While you can take the address of a CPU instruction, it often makes no sense to take the address of a part of it (in x86 you sometimes can, but in many other CPUs you simply cannot do this at all), and code addresses are fundamentally different from data addresses (which is why you cannot treat a function pointer (a code address) as a regular pointer (a data address)). In some CPU architectures, code addresses and data addresses are completely incompatible (although this is not the case of x86 in the way most modern OSes use it).

Do notice that while (number) is equivalent to while (number != 0). That 0 doesn't show up in the compiled code at all! It's implied by the jnz instruction (jump if not zero). This is another reason why you cannot take the address of that 0 — it doesn't have one, it's literally nowhere.

I hope this makes it clearer for you.

Solution 2:

where are these expressions stored such that there addresses can't be retrieved?

Your question is not well-formed.

  • Conceptually

    It's like asking why people can discuss ownership of nouns but not verbs. Nouns refer to things that may (potentially) be owned, and verbs refer to actions that are performed. You can't own an action or perform a thing.

  • In terms of language specification

    Expressions are not stored in the first place, they are evaluated. They may be evaluated by the compiler, at compile time, or they may be evaluated by the processor, at run time.

  • In terms of language implementation

    Consider the statement

    int a = 0;

    This does two things: first, it declares an integer variable a. This is defined to be something whose address you can take. It's up to the compiler to do whatever makes sense on a given platform, to allow you to take the address of a.

    Secondly, it sets that variable's value to zero. This does not mean an integer with value zero exists somewhere in your compiled program. It might commonly be implemented as

    xor eax,eax

    which is to say, XOR (exclusive-or) the eax register with itself. This always results in zero, whatever was there before. However, there is no fixed object of value 0 in the compiled code to match the integer literal 0 you wrote in the source.

As an aside, when I say that a above is something whose address you can take - it's worth pointing out that it may not really have an address unless you take it. For example, the eax register used in that example doesn't have an address. If the compiler can prove the program is still correct, a can live its whole life in that register and never exist in main memory. Conversely, if you use the expression &a somewhere, the compiler will take care to create some addressable space to store a's value in.

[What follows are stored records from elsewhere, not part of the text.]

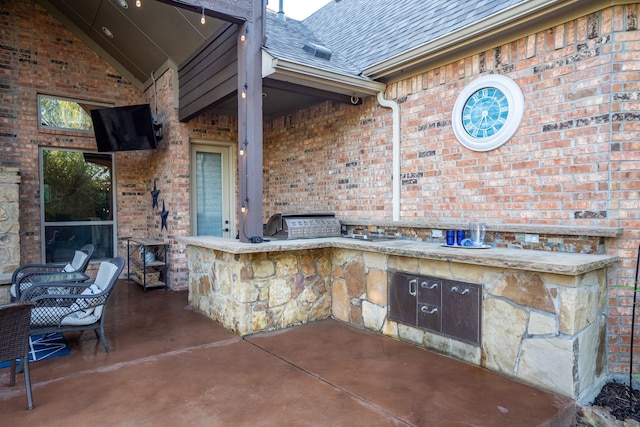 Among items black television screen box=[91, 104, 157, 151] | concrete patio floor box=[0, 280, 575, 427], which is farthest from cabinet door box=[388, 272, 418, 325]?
black television screen box=[91, 104, 157, 151]

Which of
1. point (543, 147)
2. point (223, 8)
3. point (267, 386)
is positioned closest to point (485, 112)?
point (543, 147)

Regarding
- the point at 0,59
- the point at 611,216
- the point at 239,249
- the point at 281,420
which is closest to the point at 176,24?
the point at 0,59

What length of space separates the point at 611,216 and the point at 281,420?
2712 millimetres

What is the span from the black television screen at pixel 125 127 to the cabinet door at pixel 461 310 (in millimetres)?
4913

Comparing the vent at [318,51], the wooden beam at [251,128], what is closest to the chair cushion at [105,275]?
the wooden beam at [251,128]

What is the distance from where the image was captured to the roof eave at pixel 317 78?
395cm

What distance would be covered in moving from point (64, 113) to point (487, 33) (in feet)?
21.2

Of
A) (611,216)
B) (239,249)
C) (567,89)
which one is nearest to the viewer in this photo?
(611,216)

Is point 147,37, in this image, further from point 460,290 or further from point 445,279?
point 460,290

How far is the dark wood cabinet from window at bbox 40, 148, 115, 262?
542 cm

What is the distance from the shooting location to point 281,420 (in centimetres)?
226

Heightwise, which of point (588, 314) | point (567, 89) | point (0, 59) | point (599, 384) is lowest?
point (599, 384)

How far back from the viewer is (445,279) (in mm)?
3184

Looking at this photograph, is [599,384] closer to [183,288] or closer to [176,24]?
[183,288] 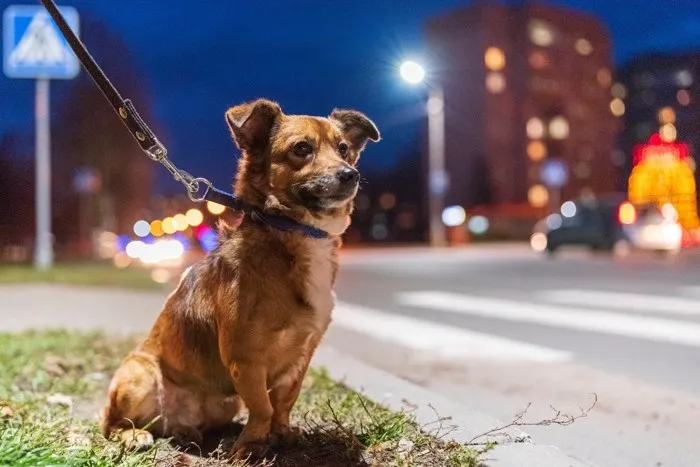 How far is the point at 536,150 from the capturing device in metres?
76.2

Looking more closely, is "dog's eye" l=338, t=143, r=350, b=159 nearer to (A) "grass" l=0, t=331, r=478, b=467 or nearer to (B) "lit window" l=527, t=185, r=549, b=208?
(A) "grass" l=0, t=331, r=478, b=467

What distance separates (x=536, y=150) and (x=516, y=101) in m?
5.30

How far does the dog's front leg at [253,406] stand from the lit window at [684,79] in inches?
2166

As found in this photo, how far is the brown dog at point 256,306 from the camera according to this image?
335cm

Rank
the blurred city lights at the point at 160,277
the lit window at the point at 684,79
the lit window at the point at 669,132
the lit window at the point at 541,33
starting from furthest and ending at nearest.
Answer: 1. the lit window at the point at 541,33
2. the lit window at the point at 669,132
3. the lit window at the point at 684,79
4. the blurred city lights at the point at 160,277

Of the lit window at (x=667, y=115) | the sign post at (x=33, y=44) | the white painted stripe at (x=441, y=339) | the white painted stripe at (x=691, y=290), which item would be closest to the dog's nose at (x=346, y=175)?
the white painted stripe at (x=441, y=339)

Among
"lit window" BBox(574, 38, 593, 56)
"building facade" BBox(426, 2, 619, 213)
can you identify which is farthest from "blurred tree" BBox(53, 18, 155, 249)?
"lit window" BBox(574, 38, 593, 56)

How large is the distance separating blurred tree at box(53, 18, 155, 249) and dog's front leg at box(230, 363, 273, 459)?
3049cm

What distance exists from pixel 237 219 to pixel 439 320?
6110 mm

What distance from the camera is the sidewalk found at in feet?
11.1

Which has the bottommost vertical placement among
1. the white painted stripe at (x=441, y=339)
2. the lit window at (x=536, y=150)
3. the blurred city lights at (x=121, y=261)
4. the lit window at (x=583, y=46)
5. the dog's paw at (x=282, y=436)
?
the blurred city lights at (x=121, y=261)

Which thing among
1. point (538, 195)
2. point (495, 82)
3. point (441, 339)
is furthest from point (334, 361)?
point (538, 195)

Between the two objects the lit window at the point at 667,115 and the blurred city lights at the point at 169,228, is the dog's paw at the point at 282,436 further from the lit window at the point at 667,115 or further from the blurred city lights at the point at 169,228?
the lit window at the point at 667,115

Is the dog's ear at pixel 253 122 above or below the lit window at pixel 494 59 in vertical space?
below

Note for comparison that I can easily choose a different language where I can take the address of an expression.

It'll probably be interpreted, because compilation usually discards these structures once the machine-executable output replaces them. For example Python has runtime introspection and code objects.

Or I can start from LISP and extend it to provide some kind of addressof operation on S-expressions.

The key thing they both have in common is that they are not C, which as a matter of design and definition does not provide those mechanisms.

Solution 3:

Such expressions end up part of the machine code. An expression 2 + 3 likely gets translated to the machine code instruction "load 5 into register A". CPU registers don't have addresses.